▶ _Aim of the exercise_:
From the entries below, return exactly the lines beginning at the one that contains "a room with" and ending at the one that contains "A woman helps", both of them included, and only those lines.

▶ _Material provided_:
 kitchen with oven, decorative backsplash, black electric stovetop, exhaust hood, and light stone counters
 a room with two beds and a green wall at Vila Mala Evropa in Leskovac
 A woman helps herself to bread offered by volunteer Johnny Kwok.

...

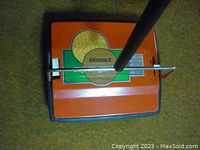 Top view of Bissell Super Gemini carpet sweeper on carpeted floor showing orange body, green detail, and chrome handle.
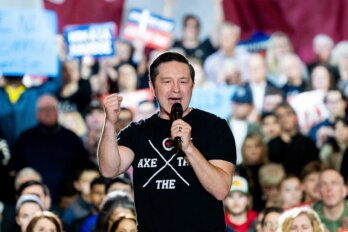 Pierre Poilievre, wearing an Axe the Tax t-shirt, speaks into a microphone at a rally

▶ _Reply_:
 a room with two beds and a green wall at Vila Mala Evropa in Leskovac
 A woman helps herself to bread offered by volunteer Johnny Kwok.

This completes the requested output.